Aberdeen American Growth - as above is actually a feeder fund, into a developed market. A few points here. It's a feeder fund to a developed US fund.:

- Maybe this does add some support to the argument of tracker vs active in a developed market, as it regularly underperfoms the index/ market

- It has underperformed in most of the last 5 years vs its peers (like for like segments)

- Again I struggle to believe this is random and claims that there's no correlation between poor performance in 2008, 2009, 2010 and poor performance in 2011 and 2012

For me in emerging markets looking at performance vs index and peers in the same segments is a way to improve the odds, as performance isn't random. I would also combine it with forward looking and other research as well.

Fletch

:)

Posted

BTW Cocopops I think it's healthy to continually challenge ideas, as life continues to change, and we all make mistakes from time to time. The index/ tracker vs active one is an old debate, and one for me I'm mindful of, and hence consider now ith a Thailand twist.

--------------------------------------------------------------------------------------

Another thing I consider is the fund manager himself

Antony Bolton is a great example.

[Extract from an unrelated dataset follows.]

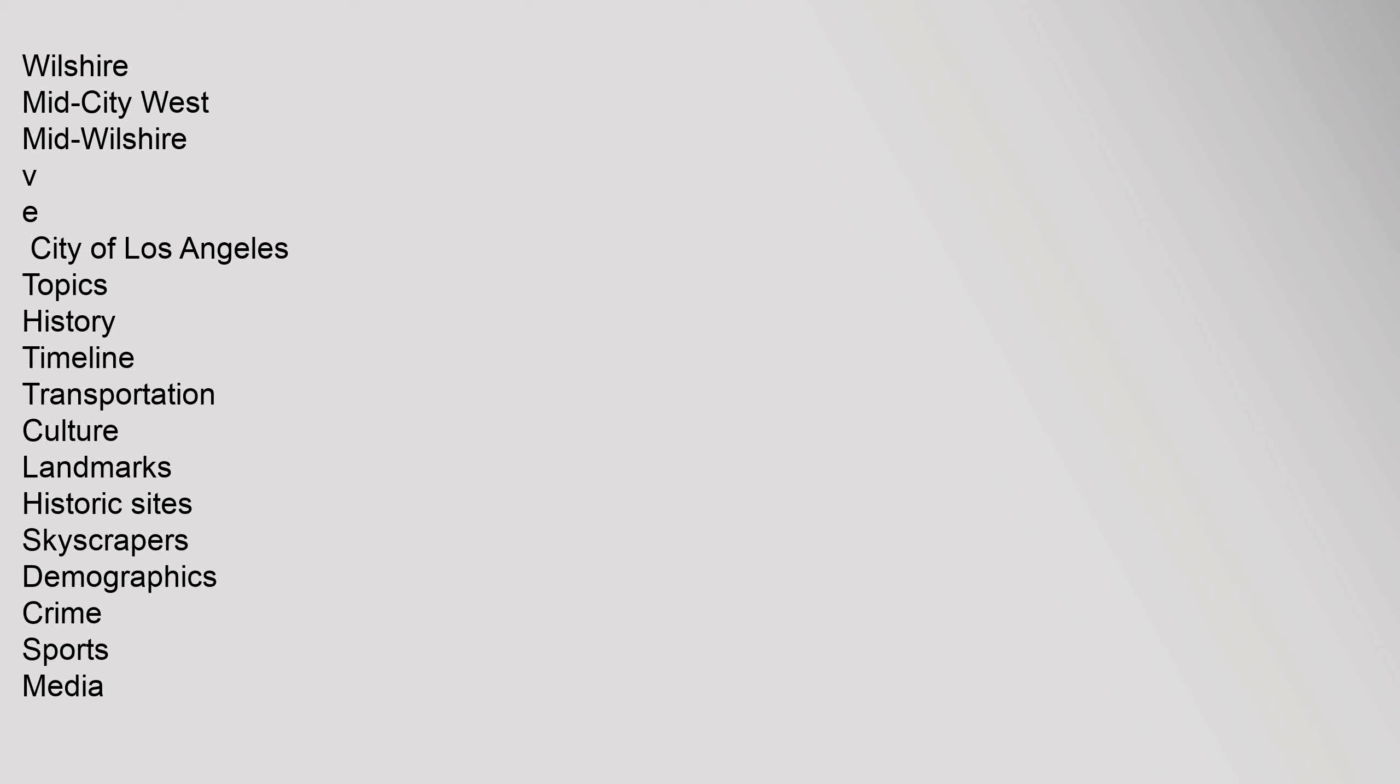Mid-City West, Mid-Wilshire. City of Los Angeles Topics: History, Timeline, Transportation, Culture, Landmarks, Historic Sites, Skyscrapers, Demographics, Crime, Sports, Media.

I held his Fidelity Speciality Situations Unit trust for many years. Time after team it beat the market (though not every year). :

http://en.wikipedia.org/wiki/Anthony_Bolton

After he moved on from this fund, it hasn't done as well. When he moved I reduced my holdings in it. The fund was actually split into 2 funds: a UK fund I still hold some investment in with reduced holdings, the other a Global Fund I sold completely as after giving it a chance for a while it wasn't delivering as well as other comparable funds or past.

He moved on to other things including managing Fidelty China Special Situations Investment Trust. He hasn't done so well in this new area. I think there are various reasons for this, some touched on by wiki above. Another one is that investing in Asia can be different to investing in the west, and he has less experience in this field.

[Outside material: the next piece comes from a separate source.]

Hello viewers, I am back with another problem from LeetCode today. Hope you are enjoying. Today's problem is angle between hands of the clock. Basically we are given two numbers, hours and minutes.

I would want him to prove himself with this fund before investing in it, given it hasn't done so well so far. On the other hand with the first fund he is famous for, he had proved himself so I invested and I enjoyed years of above average and above index performance :)

------------

:)

Posted

But I don't understand the benefit of diversifying investment into several index-replication funds (assuming the fund is a non-leveraged cash fund).

The benefit of diversity is in assuring stability of growth and possibly outperformance over a longer term through non-correlation. The several funds would reflect different market sectors, domestically and globally. Look up the Coffeehouse portfolio or the Yale portfolio (mostly indexed funds) for examples.
Posted

But I don't understand the benefit of diversifying investment into several index-replication funds (assuming the fund is a non-leveraged cash fund).

The benefit of diversity is in assuring stability of growth and possibly outperformance over a longer term through non-correlation. The several funds would reflect different market sectors, domestically and globally. Look up the Coffeehouse portfolio or the Yale portfolio (mostly indexed funds) for examples.
doh! dumb me was assuming diversification into several funds all replicating the same index! LOL
Posted

But I don't understand the benefit of diversifying investment into several index-replication funds (assuming the fund is a non-leveraged cash fund).

The benefit of diversity is in assuring stability of growth and possibly outperformance over a longer term through non-correlation. The several funds would reflect different market sectors, domestically and globally. Look up the Coffeehouse portfolio or the Yale portfolio (mostly indexed funds) for examples.
doh! dumb me was assuming diversification into several funds all replicating the same index! LOL
A diversified managed fund reduces the risk but is a boring life.